Employing cloud services to accelerate the research and development (R&D) of Artificial Intelligence (AI) applications has become the rule of thumb for many AI development teams. As a global provider of premium cloud services, Kingsoft Cloud endeavors to provide superior Infrastructure as a Service (IaaS) via an array of high-performance cloud servers like Kingsoft Elastic Compute and cloud physical hosts such as Elastic Physical Compute to help users gain a first-mover advantage in voice, image, video, and many other AI application scenarios.
To help developers increase their AI R&D efficiency, Kingsoft Cloud, together with its strategic partner Intel, deployed Intel® Xeon® Scalable processors and other advanced hardware products in its cloud instances and introduced optimizations of AI frameworks including Intel® Optimization for TensorFlow and Intel® Optimization for Caffe. This bundling of optimized hardware and software for AI enhanced Kingsoft Cloud’s IaaS capabilities to better support AI workloads. Users now don’t have to bother with complicated configuration and fine-tuning of underlying AI frameworks, instead they get optimal performance on the Intel® Xeon® Scalable processor-based cloud infrastructure with this one-stop service.
Tests by Kingsoft Cloud show that the performance of multiple optimized AI frameworks improved by several times, even up to dozens of times in various deep learning models. This shows that Kingsoft Cloud’s enhanced IaaS, bundling optimized hardware and software for the Intel® Xeon® Scalable platform, can provide outstanding performance for AI R&D in different application scenarios and accelerate developers’ AI R&D progress.

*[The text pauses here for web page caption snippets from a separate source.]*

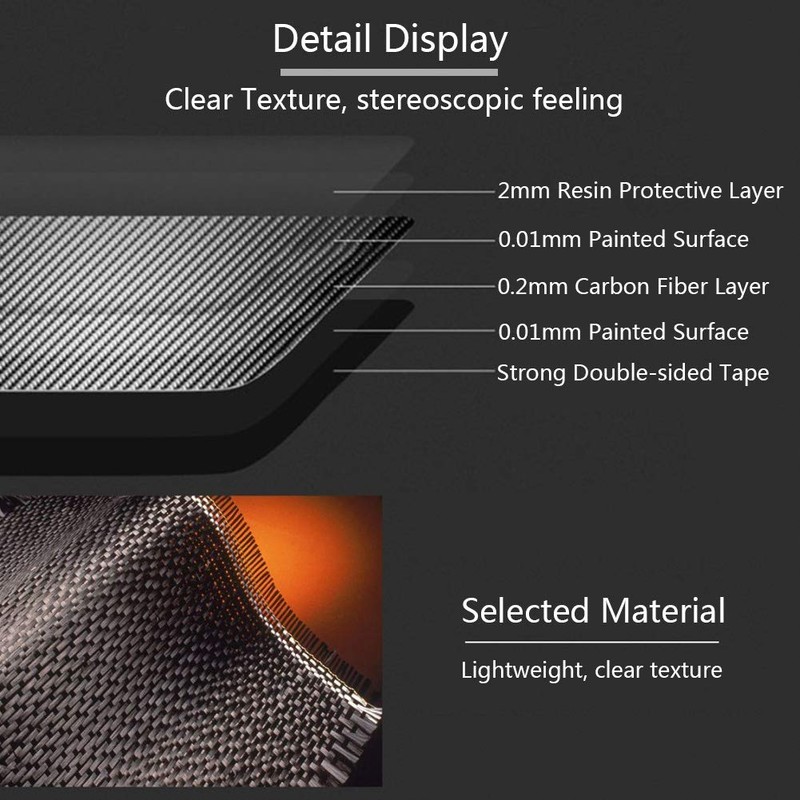 Car Interior Gear Knob Frame Manual Gear Lever Frame Cover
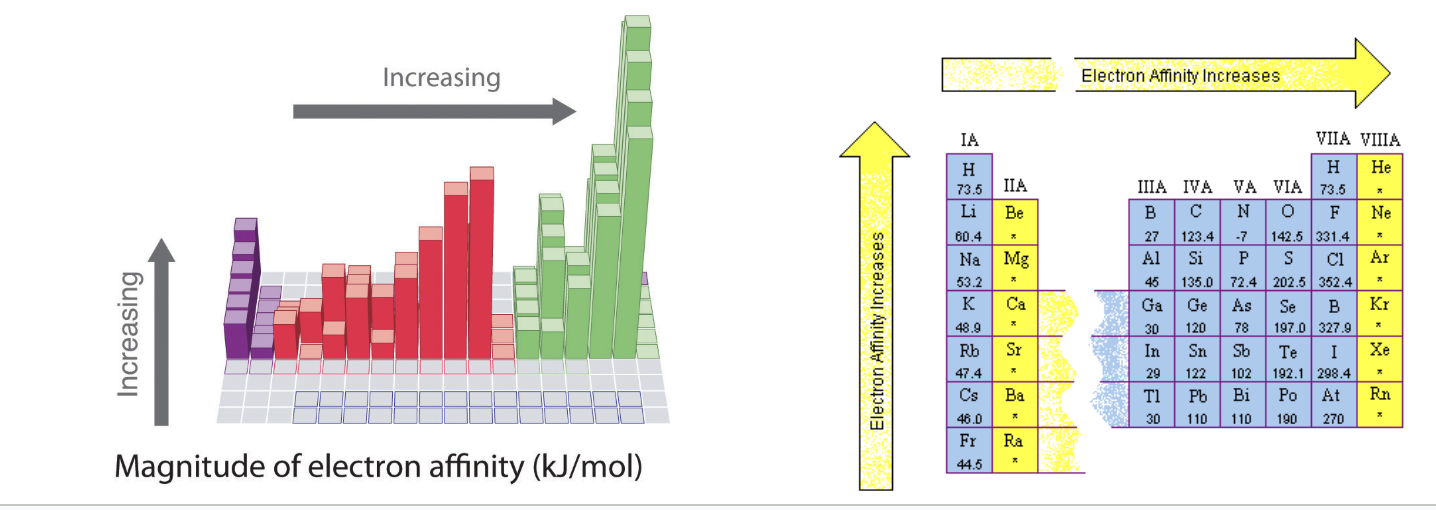 <p><span style="background-color: transparent; font-family: "Proxima Nova", sans-serif;"><strong>Down a group: </strong>decreases (more energy levels)</span></p><p><span style="background-color: transparent; font-family: "Proxima Nova", sans-serif;"><strong>Across a period: </strong>increases (more protons)</span></p>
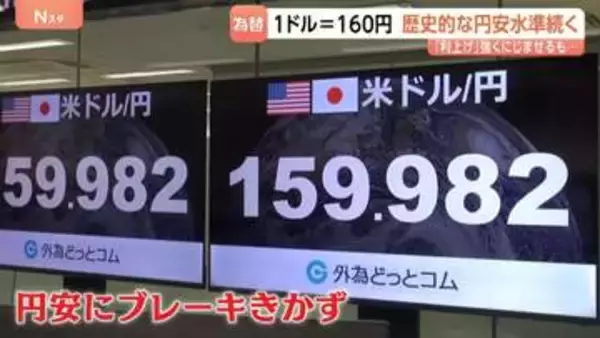 1ドル＝160円 “歴史的円安水準”が止められない…日銀・植田総裁が「利上げ」強く示唆する発言も目立った効果なし“市場はすでに織り込み済み”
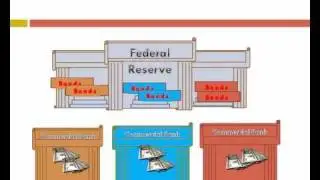 What are interest rates?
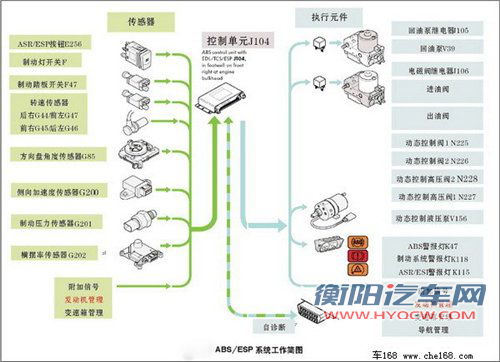 技术讲堂教你学汽车知识之电子稳定系统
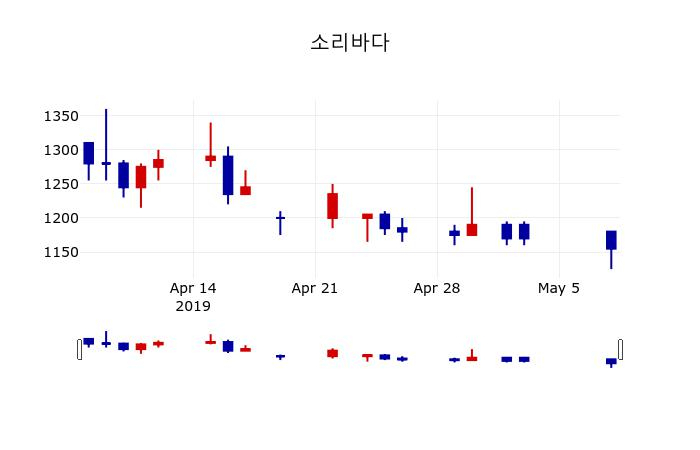 ▲지난 30영업일 동안 소리바다 주가변동정보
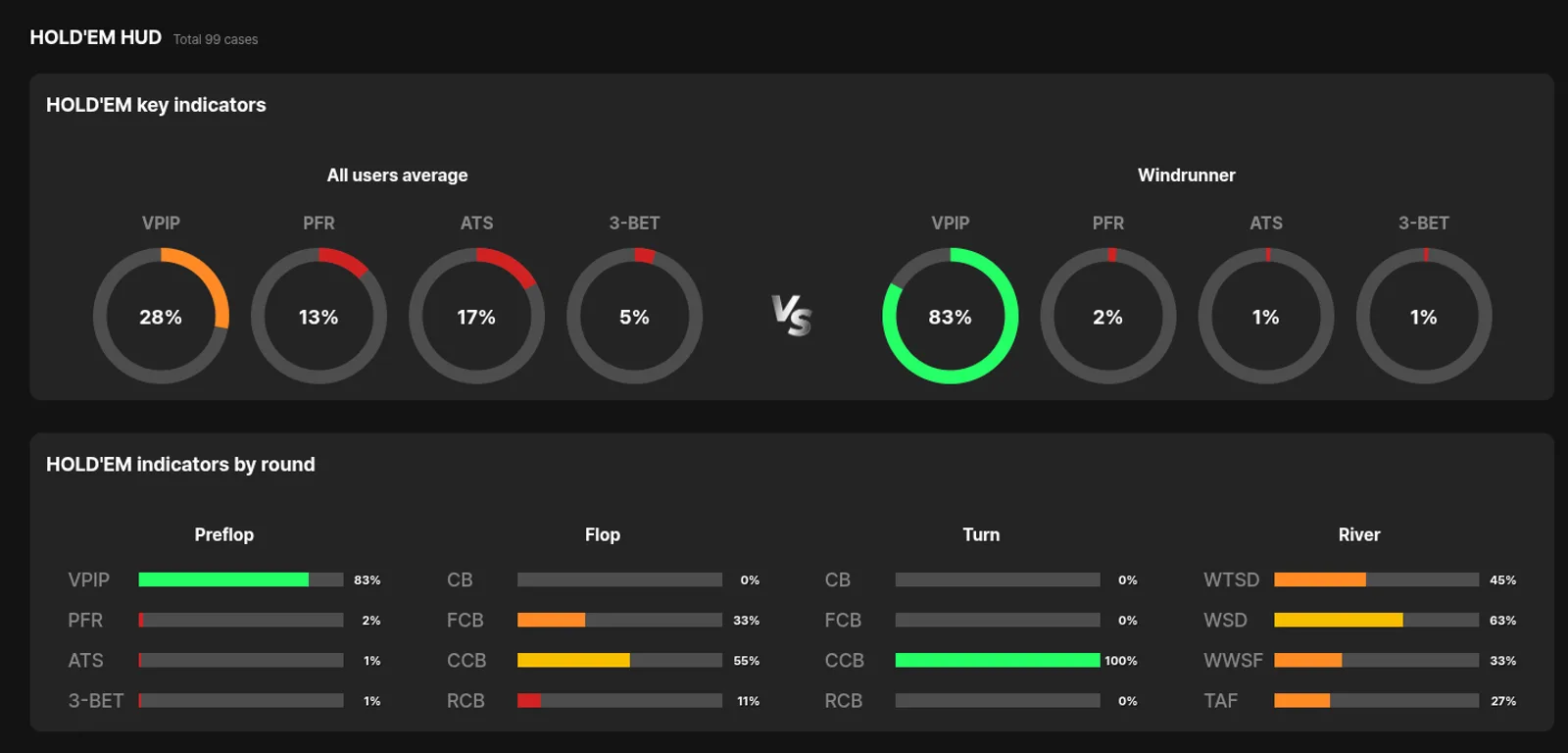POKERUS My Page HUD stats (PC)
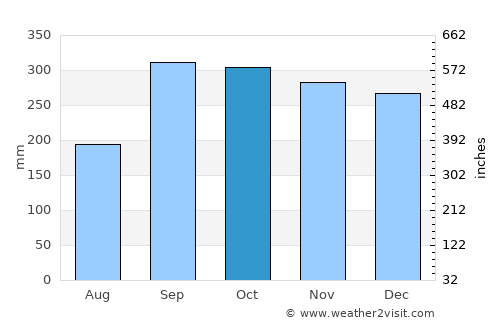 Tjeldstø average rain in October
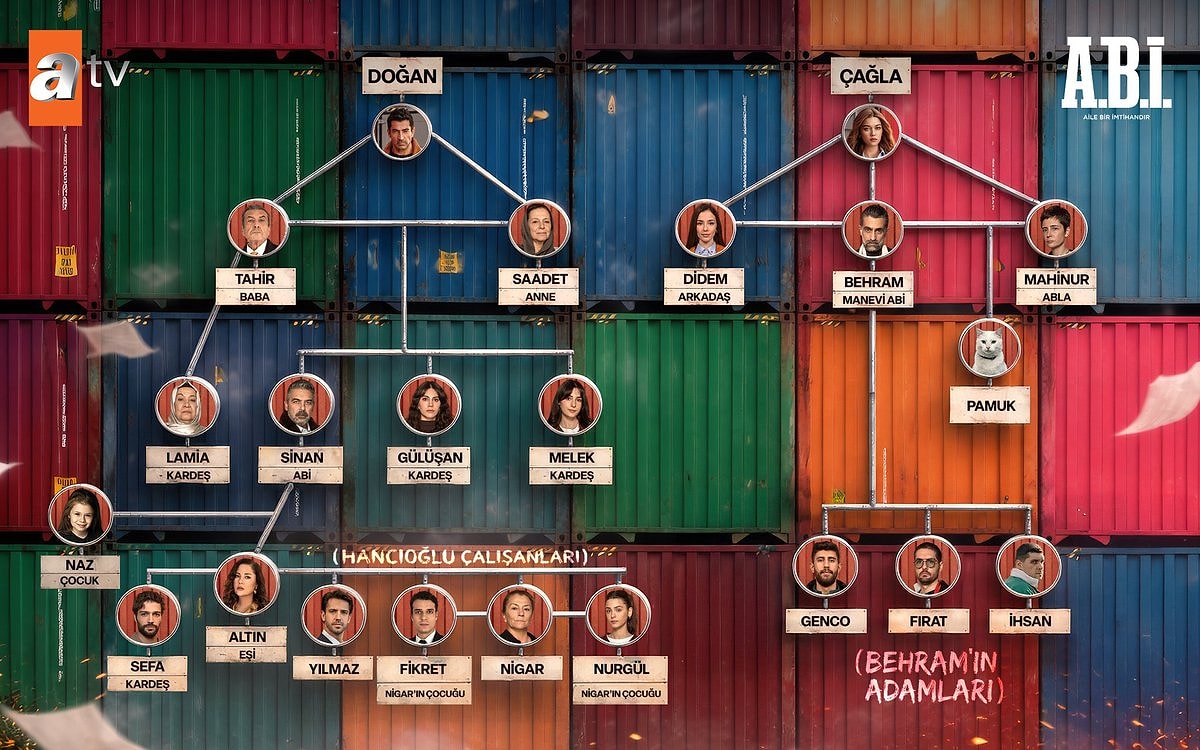 A.B.İ.’de Kim Kimdir Netleşti: ATV Dizinin Soyağacını Paylaştı s bdcbd2968d9e5b909ced8ad5668a24ba8e6d8ceb - Marmara Bölge Gazetesi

Kingsoft Cloud has been striving to provide first-class cloud services for AI R&D. This not only needs a high-performance hardware platform as a foundation, but also hinges on collaboration and full optimization of software and hardware. By deploying various Intel advanced hardware products and with the introduction of Intel Optimization for TensorFlow, Intel Optimization for Caffe and other optimized frameworks, we offer developers enhanced IaaS while significantly reducing their investment on system deployment and optimization. This allows them to focus more on the AI business itself.” — Feng Yang, Cloud Computing R&D Director, Kingsoft Cloud
Advantages of Kingsoft Cloud solutions1
- The multiple prepackaged Intel optimizations for deep learning frameworks enable users who conduct AI R&D with Kingsoft Cloud to reduce time and effort downloading, deploying, and optimizing the relevant frameworks to be able to devote more resources to AI work;
- Intel Optimization for TensorFlow enhances the performance of Kingsoft Cloud instances built on Intel® Architecture-based processors in various deep neural network (DNN) models by 2.45-2.89 times;1
- With the introduction of Intel Optimization for Caffe, the performance of Kingsoft Cloud instances built on Intel Architecture-based processors improved in various DNN models. In ResNet50, performance improved by nearly 30 times.1
Delivering High-Performance IaaS for AI
The ever-evolving public cloud services are playing an increasingly important role in AI R&D. Featuring flexible resource allocation and high scalability, public cloud services enable agile scheduling of computing power, algorithms and data needed for AI R&D and can raise efficiency. As a result, more and more AI development teams are turning to cloud services for their AI R&D and innovation.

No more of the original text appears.